Steven Donziger, the environmental and human rights lawyer who won a $9.5 billion settlement against Chevron over oil dumped in Indigenous lands in the Amazon rainforest, surrendered himself to the federal authorities on Wednesday to begin a six-month prison sentence.
Mr. Donziger was found guilty in July of six counts of criminal contempt of court for withholding evidence in a long, complex legal fight with Chevron, which claims that Mr. Donziger fabricated evidence in the 1990s to win a lawsuit he filed against the oil giant on behalf of 30,000 Indigenous people in Ecuador. The convictions led to Mr. Donziger’s being disbarred last year.
Late Wednesday afternoon, Mr. Donziger turned himself in to a federal prison in Danbury, Conn., where he will serve his six-month sentence. He had already spent more than 800 days under home detention after the court cited flight-risk concerns, his lawyer, Ronald L. Kuby, said on Wednesday.
“After 100 pages of legal briefing, the appellate court today denied my release in 10 words,” Mr. Donziger said on Twitter on Tuesday. “This is not due process of law. Nor is it justice.”
“We will get through this,” he added.
Representatives for Chevron did not immediately respond to requests for comment.
On July 31, 2019, Judge Lewis A. Kaplan of the U.S. District Court in Manhattan, a former corporate lawyer, tried to charge Mr. Donziger with contempt of court based on his refusals in 2014 to give the court access to decades of client communications on devices like his phone and his computer. That year, Judge Kaplan supported Chevron’s complaint in a 500-page ruling finding that Mr. Donziger and his associates had engaged in a conspiracy and criminal conduct by ghostwriting an environmental report used as a crucial piece of evidence and bribing a judge in Ecuador.

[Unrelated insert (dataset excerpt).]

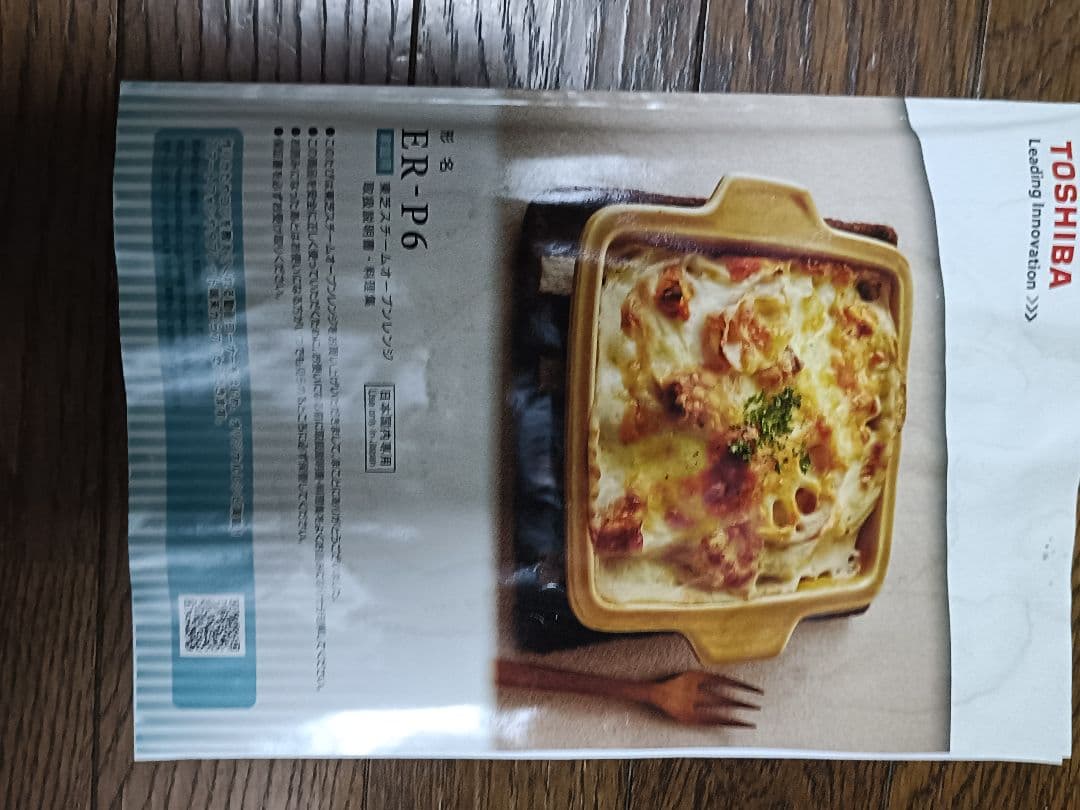 東芝電子レンジ ER-P6（W）2016年製オーブンレンジ　石窯ドーム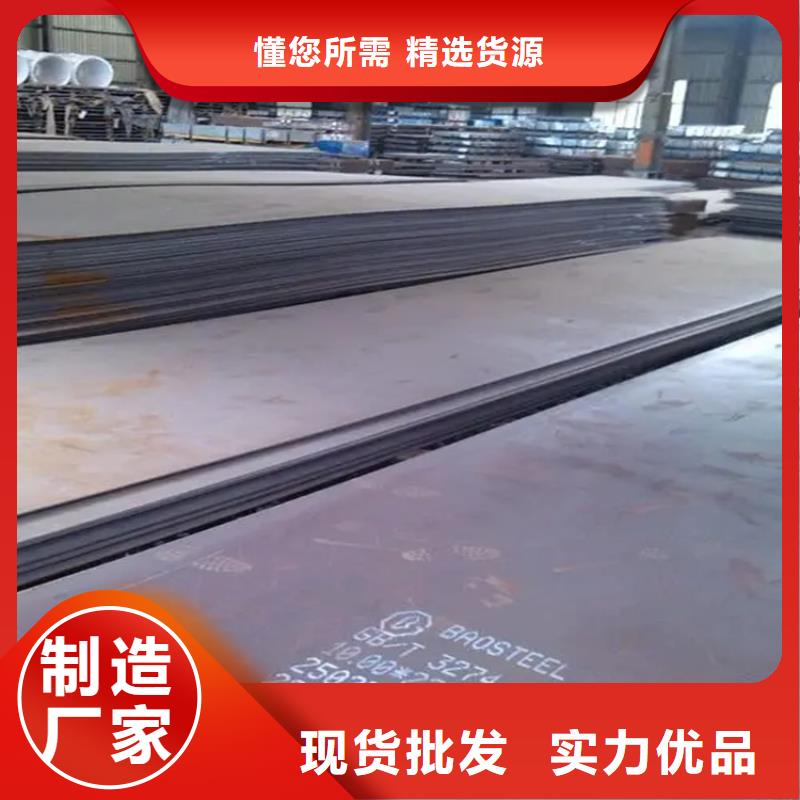 广元生产耐磨钢板直供厂家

After the U.S. attorney for the Southern District of New York declined to prosecute the case, Judge Kaplan took the rare step of appointing a private law firm, Seward & Kissel, to prosecute Mr. Donziger in the name of the U.S. government, Mr. Kuby said.
Seward & Kissel has represented many oil and gas companies throughout the years, including Chevron in 2018.
Misdemeanor criminal contempt carries a maximum sentence of one year. If the penalty is more than six months for this type of charge, Mr. Kuby said, a defendant would get a trial by jury. Even after multiple objections by Mr. Donziger, Judge Loretta A. Preska lowered the sentencing to six months — it had previously been set to a year — and denied Mr. Donziger’s request for a jury trial.
In July, Judge Preska found Mr. Donziger guilty of all charges. On Oct. 1, Mr. Donziger was sentenced to six months in prison, a day after he asked the court to consider an opinion by independent United Nations experts that found his court-ordered home confinement of more than two years a violation of international human rights law.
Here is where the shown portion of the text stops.